Another embodiment of the present invention will be described with reference to FIGS. 7 and 8. FIG. 7 is a view illustrating an example of dividing column-group data in a column-based data managing apparatus and method according to another embodiment of the present invention. FIG. 8 is a flowchart illustrating a column-based data managing method according to another embodiment of the present invention.
Referring to FIG. 8, the column-based data managing method according to the embodiment determines whether the size of a column-group data file exceeds a partitioning threshold in a partition having one or more column-group data (S810). As a consequence, if the size exceeds the partitioning threshold, it is determined whether the column-group data is a single row partition (S820), and if the single row partition, the column-group data is divided (S830) to generate divided column-group data files (S840). In this case, unnecessary compaction is prevented from being performed on the divided column-group data files (S850).

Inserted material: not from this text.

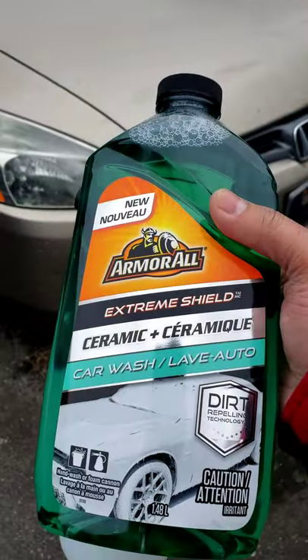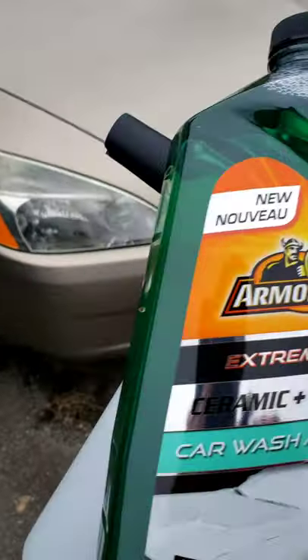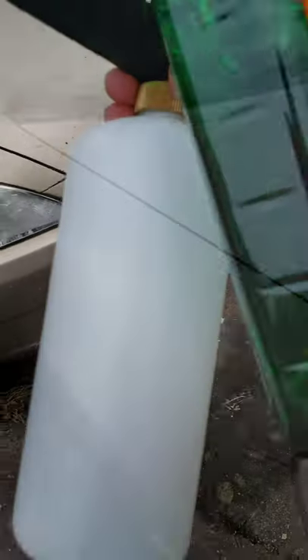What's up you guys, in this video I'm going to try out Armourall's new extreme shield ceramic wash and wax. I just walked around Canadian Tire and picked this up, so I decided to show you guys what it's gonna look like in the foam there.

Unless the column-group data is a single row partition, the partition is divided with respect to the row (S860).
If compaction is unnecessarily performed on the divided column-group data files, column-groups are generated again from the divided column-group data files and thus unnecessary column-group data files are generated. Accordingly, unnecessary compaction should be avoided.
The column-based data managing apparatus and method according to an embodiment of the present invention treat divided column-group data files, which were already subjected to compaction as a single row, as a single column-group data file while counting the number of the column-group data files to determine whether compaction should be conducted. By doing so, it may be possible to prevent unnecessary compaction on the column-group data files treated as a single file.
Referring to FIG. 7, it is assumed that compaction is carried out when the number of column-group data files is three or more. Even though there exist three files, such as “foo,rowkey1,,”, “foo,rowkey1,column1,cell_ah”, and “goo,,,”, to store the column groups of a specific partition, the files “foo,rowkey1,,”, “foo,rowkey1, column1, cell_ah” are treated as a single column-group data file. Accordingly, two column group data files are assumed to be present, and thus, unnecessary compaction may be prevented.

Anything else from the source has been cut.